Still not sure sure based on the comments above. By going with the allowance of €14k gross I will net roughly about €8k a year or say €660 per month which is great and all that. If I opted for the car I reckon it would cost me (very roughly) about €600 from my net wages a month (€42kx 30% BIK less 42% income tax). But based on what AA Ireland say anout running costs per km for a 2 litre car (see link) [broken link removed] it could cost me up to €17k a year net to run a car of that size/value! I know that seems savage high but that's what they reckon. Can someone sense check these numbers cause I reckon I missing something here!


----------



## tosullivan

have you got a car already?

do you have to buy a car worth 42k if you get the allowance?


----------



## Billyp

Got a perfectly good car (07) at the moment worth €35k -loan is paid off. Think I should sell it, invest the money and take the company car.
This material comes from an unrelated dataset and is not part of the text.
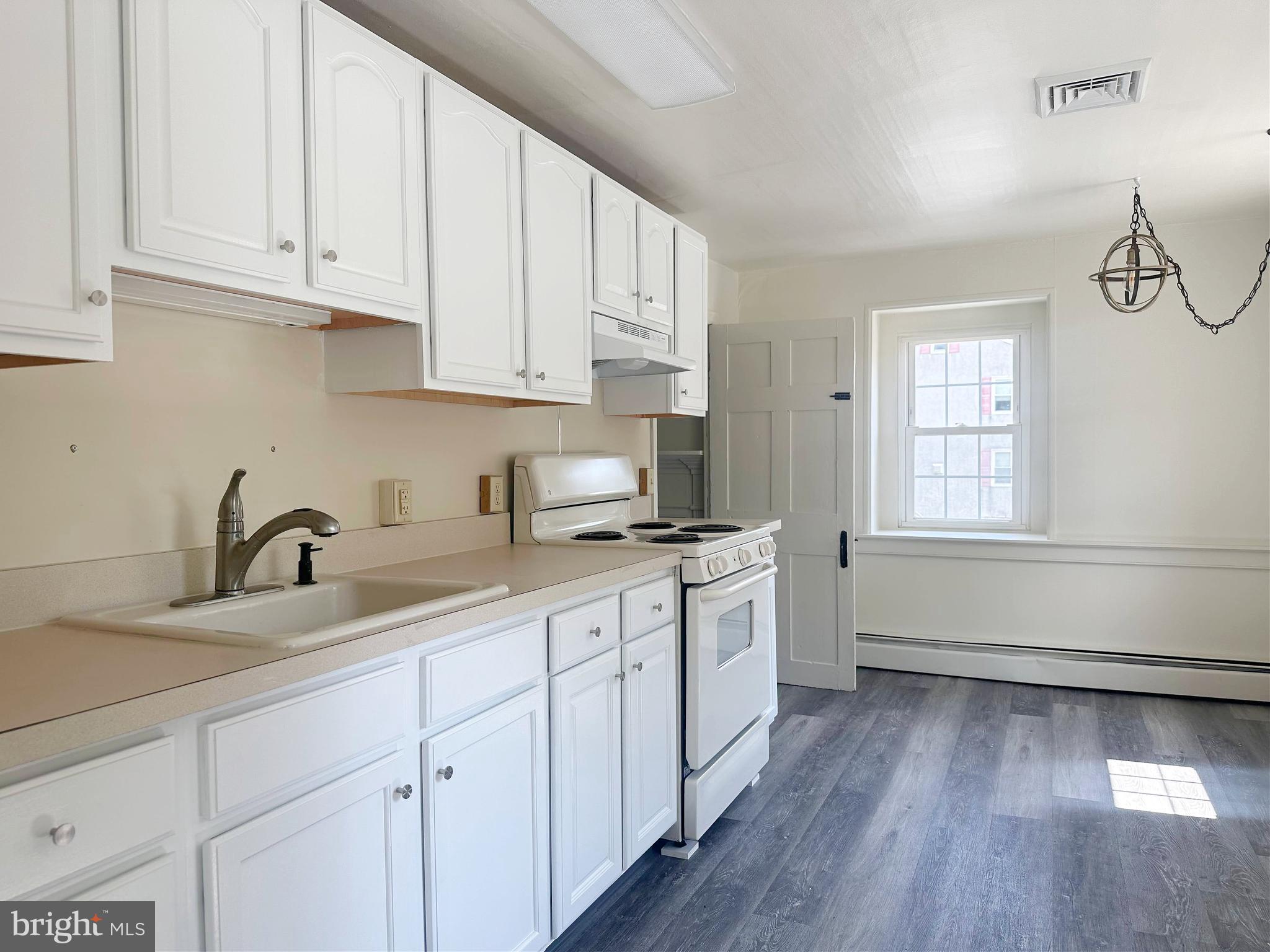 3198 Main Street Green Lane, PA 18054 - Photo 8 of 18 a kitchen with sink cabinets and wooden floor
What do you reckon -seems to be a number of variables here to consider.


----------



## Billyp

To answer your question tosullivan - I will get the allowance anyway -could cycle a bike if I wanted to or drive a banger!


----------



## tosullivan

if you've got a 07 and happy with it, then keep it as it will have done a lot of depreciation already.
You could always trade in aswell and trade up


----------



## Timber

Hi All 
I am also looking at opting out of a company car and taking the car allowance does anyone know what % of tax a BIK is charged at. Also would the car allowance added to my salary be subject to tax and NI.


----------



## kfpg

Does anyone think the option of car allowance is now worse than having a company car since the introduction of all the extra income levies and health levies?


----------



## Antrim_Man

kfpg said:


> Does anyone think the option of car allowance is now worse than having a company car since the introduction of all the extra income levies and health levies?



And likely to be taxed more after the next budget.


----------



## alri

What effect has the recent budget had on this ?I am debating taking the option of car allowance €16k gross V company car,little business mileage so BIK will be 30% of car c €40K, option would be 318 11 basic model V  08 520 with full spec.
Any and all advice greatly appreciated.


----------



## tosullivan

alri. Definitely bite their hand off for the allowance


----------